Multi-node HA deployment with Ansible
This guide covers the production-shape: control plane separated from data plane, multi-replica relay tier across regions, optional HA management with a cluster coordinator, and cloud-LB integration for AWS or GCP.
For the single-node lab walkthrough, see the Quickstart.
Topology
The recommended shape for small-to-medium production:
┌──────────────────┐
│ Cloud LB (443) │
│ (ALB / GCP HTTPS)
└────────┬─────────┘
│
┌────────────────┴────────────────┐
│ │
┌────▼─────┐ ┌─────▼────┐
│controller│ │controller│ (HA pair, optional)
│ mgmt │ │ mgmt │
│ signal │ ─── cluster ────── │ signal │
│ dash │ coordinator │ dash │
│ nginx │ (NATS / Redis) │ nginx │
└────┬─────┘ └─────┬────┘
│ │
└───────────────┬─────────────────┘
│
managed PostgreSQL
(RDS / Cloud SQL)
┌──────────┐ ┌──────────┐ ┌──────────┐
│ relay-1 │ │ relay-2 │ │ relay-3 │ (NLB UDP/TCP 33080)
│ us-east │ │ eu-west │ │ ap-south│
└──────────┘ └──────────┘ └──────────┘
The control plane (mgmt + signal + dashboard + nginx) runs on one or two controllers behind a cloud LB. The relay tier is N hosts spread across regions for failover. Postgres is managed (RDS / Cloud SQL) — never co-resident with the controller.
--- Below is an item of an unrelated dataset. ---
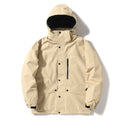 Chaqueta Selka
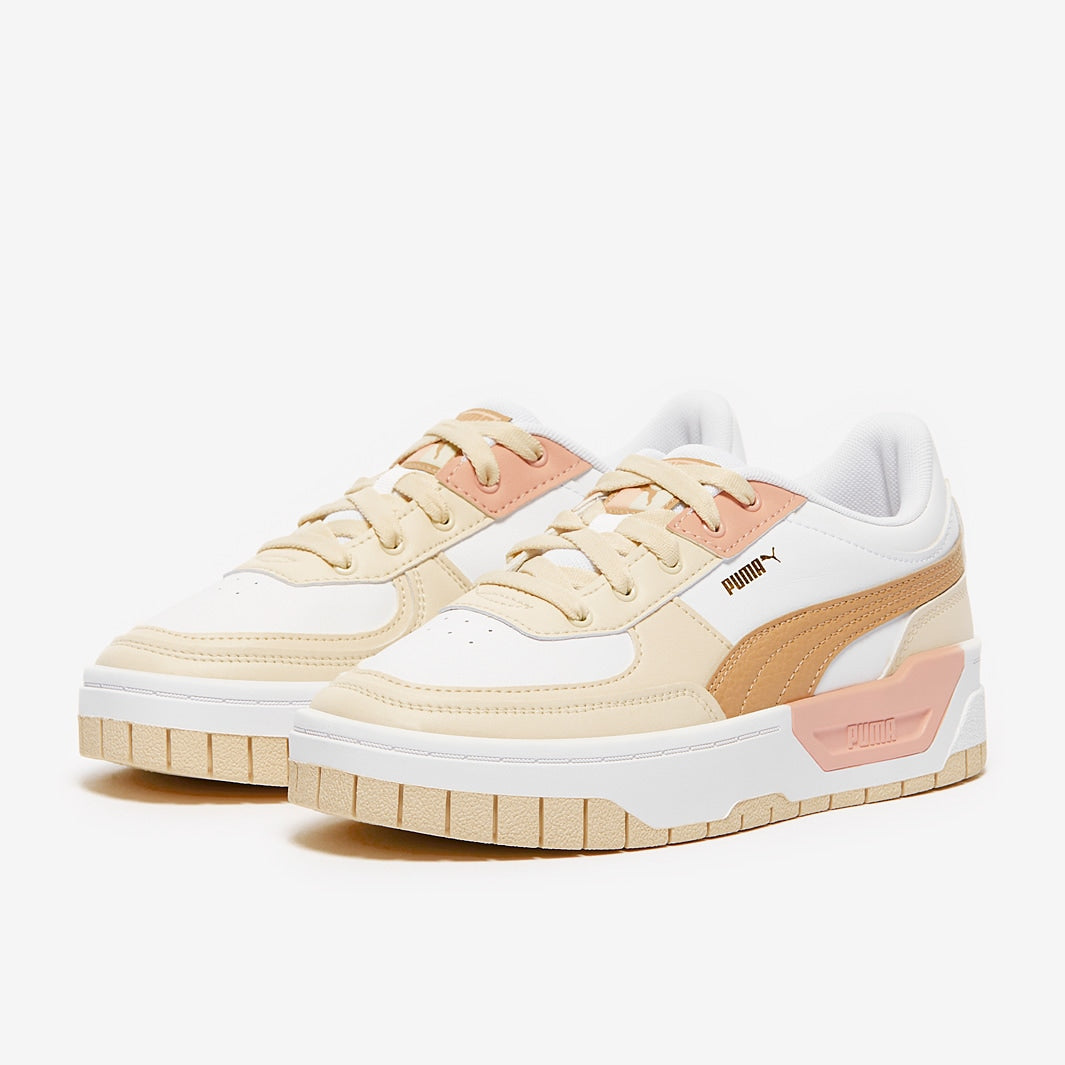 Puma Womens Cali Dream Leather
How relay HA works on bare-metal
The Ansible flow uses a different HA model than the Kubernetes multi-pod fabric — worth knowing the trade-off before you commit:
| Ansible (bare-metal) | Kubernetes (chart) | |
|---|---|---|
| Multiple relays | N hosts in relay group | relay.replicaCount > 1 |
| Discovery | Static — clients learn all relays via management.json's Relay.Addresses[] | Dynamic — Headless Service + DNS |
| Forwarding between relays | ❌ Each relay is independent | ✅ Inter-pod TCP fabric (ADR-0014) with HMAC auth |
| Two peers on different relays | Client opens connection to each relay it needs | Pod-to-pod forwarding handled transparently |
| Load balancer | NLB distributes initial connections | Service LoadBalancer |
| Failover when one relay drops | Client reconnects to next entry in the list (sub-second) | Same — TCP closes, peer reconnects |
For most deployments the Ansible model is enough — clients have the full list, peers reconnect quickly, sticky-session at the LB isn't needed. The K8s-only multi-pod fabric matters when you want transparent cross-relay forwarding without the client opening multiple connections; on bare-metal the cost is one extra connection per cross-relay peer-pair, which is usually invisible.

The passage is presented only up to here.